第10話 男女のマッチング作戦

 呂青は一計を案じた。


 若手とされる人材を客人として招く。

 その様子を呂蓮にこっそり観察させるのだ。


 話のネタに身の上話を混ぜておいた。

 呂蓮でも相手の人となりが分かるだろう。


「叔父殿の様子はどうですか?」

「最近は特に元気ですよ。若い者には負けてられないと張り切っております」


 今話しているのは王淩おうりょうである。

 王允の甥っ子であり、将来は大臣になることが期待されている。


「久しぶりに并州へ帰ったそうですね」

「ええ、親戚の冠婚葬祭です。あまり滞在することなく帰ってきましたが。太原も以前より活気が戻ってきました」

「そうですか。
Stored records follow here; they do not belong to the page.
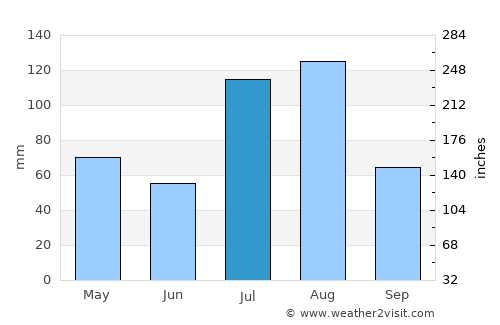 Kulgām average rain in July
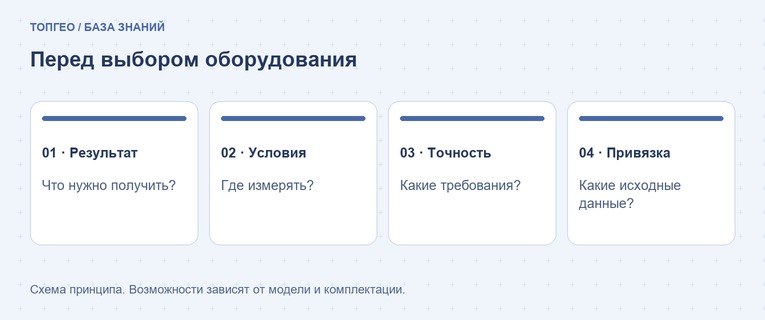 Четыре вопроса перед выбором: результат, условия, характеристики, исходные данные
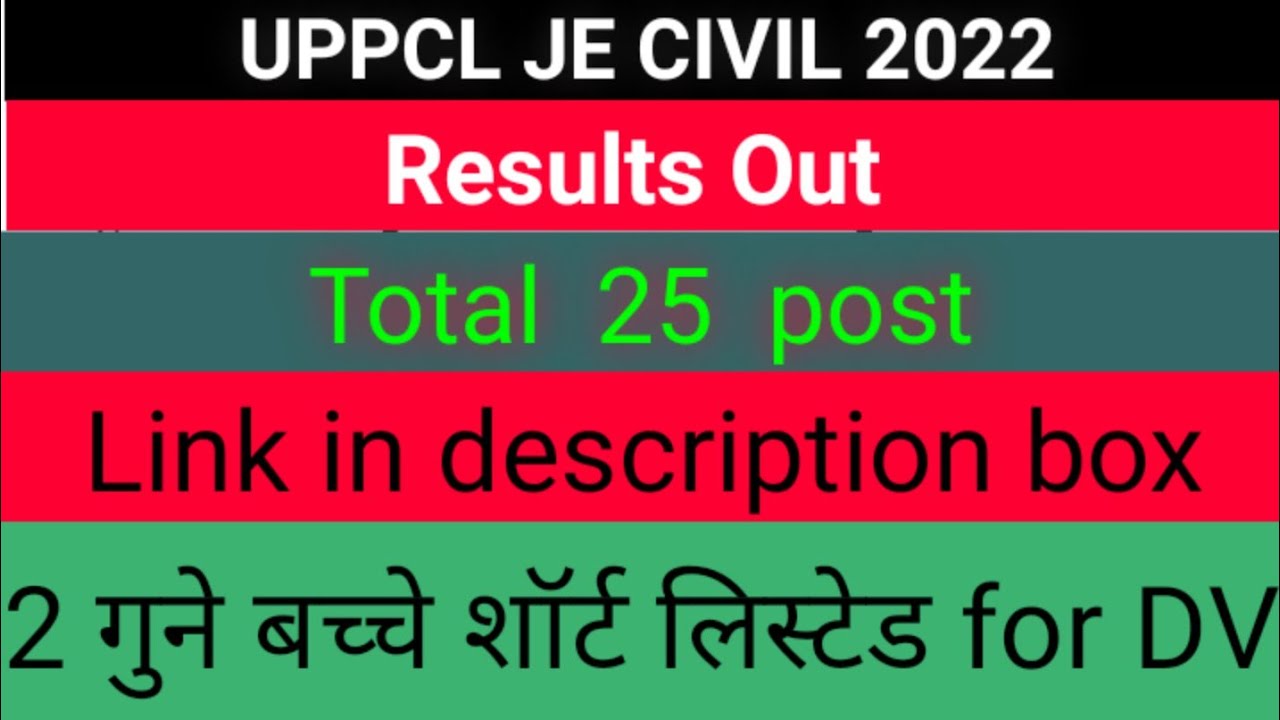 UPPCL JE Civil Result 2022 UPPCL JE Result 2022 Cut off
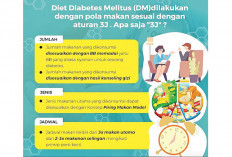 Pahami 3J, Istilah Pengaturan Makan bagi Penderita Diabetes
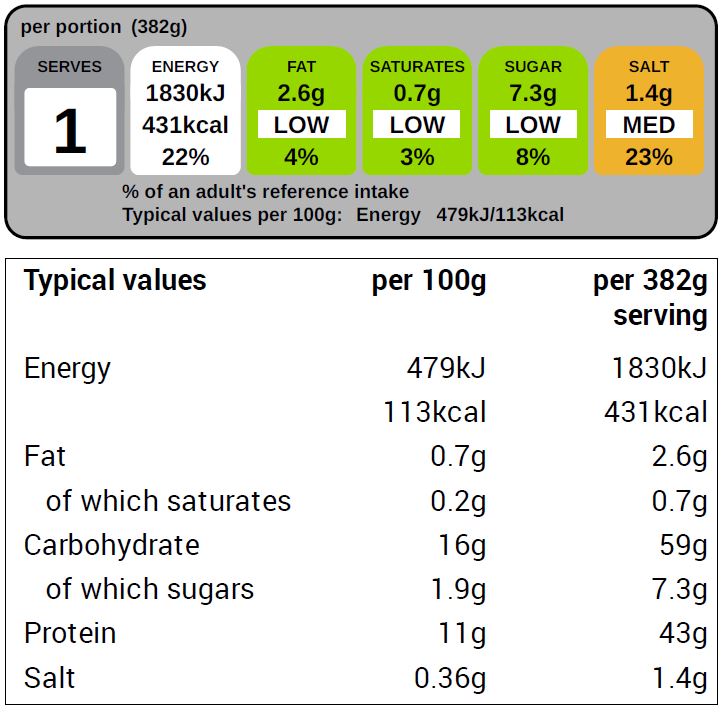 korean_bbq_chilli_chicken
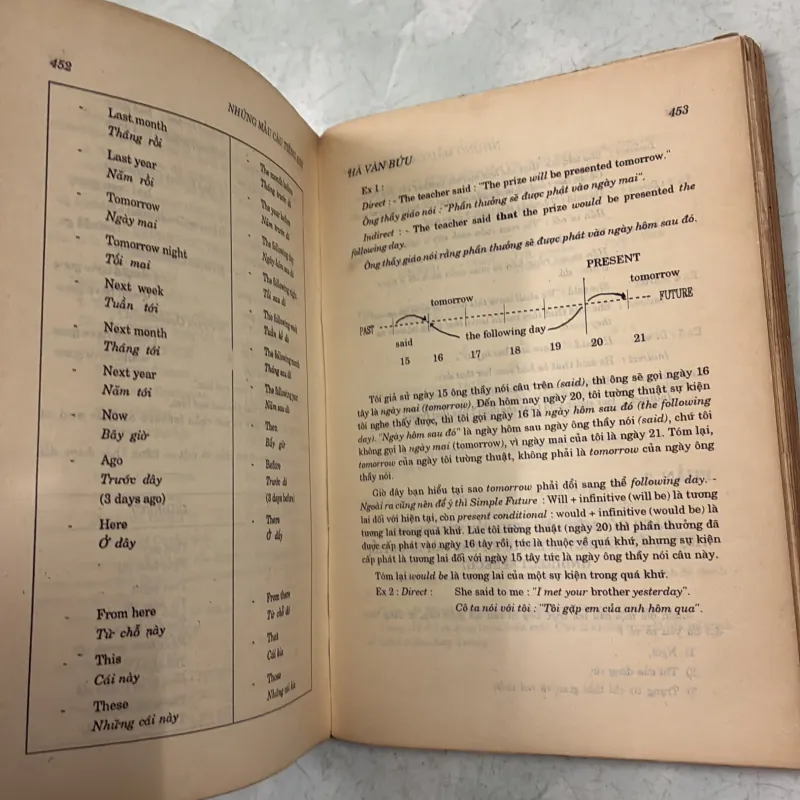 Những mẫu câu Tiếng Anh - Hà Văn Bửu - 1994s 557836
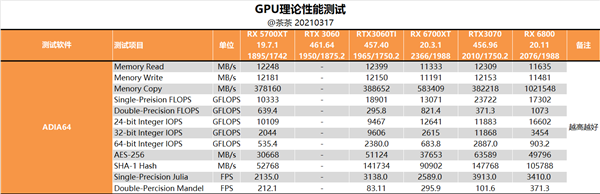 ȵȵʤAMD RX 6700 XT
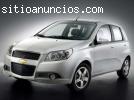 Financiamiento de Vehiculos c/s inicial
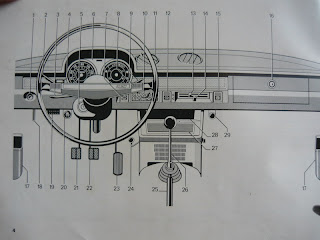 antikpraveda.blogspot.com: Buku manual: FIAT 124 Special / T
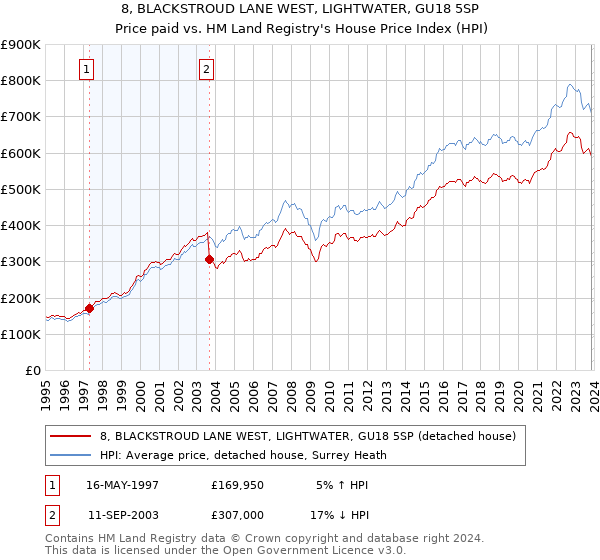 8, BLACKSTROUD LANE WEST, LIGHTWATER, GU18 5SP: Price paid vs HM Land Registry's House Price Index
私も并州に帰りたいのは山々ですが、今年は難しそうです」

「呂青殿は特に忙しいですからね」

「はああ……」


 王淩が帰っていった。

 呂青は隣の部屋をのぞき、どうだった? と問いかける。


「王淩殿は優秀な方だとお見受けしました」

「そうだろう。并州の若手の中では出世頭と目されている」

「ですが、生真面目なところが気になります。妥協を許さない性格に思えます。仕事ができる反面、押し付けがましい部分があるでしょう」

「ふむ……」


 呂蓮の指摘は、たぶん正しい。


 王允と王淩は少し似ている。

 頭でっかちな部分とか。


「もっと物腰の柔らかい方がいいです。私と話しても王淩殿は退屈されるでしょう」

「分かった。次の客人を招待してくる」


 呂青はリストをめくる。

 次の名前は郭淮かくわいだった。

 これも并州人である。


 郭淮は王淩より若い。

 官界に出てきたばかりで特筆すべき実績もない。


「郭淮殿はどういうお方でしょうか?」

「実は俺もよく知らない。軽く挨拶したことしかない」


 呂蓮がリストの一点を気にする。


「并州人なのですね。なら期待できます」

「そんなことを言ったら王淩殿だって并州人だ」

「違います! 王淩殿は并州人らしくなかったのです!」


 手をブンブンさせる呂蓮。


「何か不満な点があったのか?」

「王淩殿は并州の田舎っぷりを笑っていました。そして并州を称える言葉は一度も聞かれませんでした。そういう人は外でも身内の悪口を言うでしょう。いずれ人間関係で大失敗します」

「へぇ〜、蓮には人を見抜く目があるかもしれない」


 さすが呂布と英姫の娘だな、と感心する呂青であった。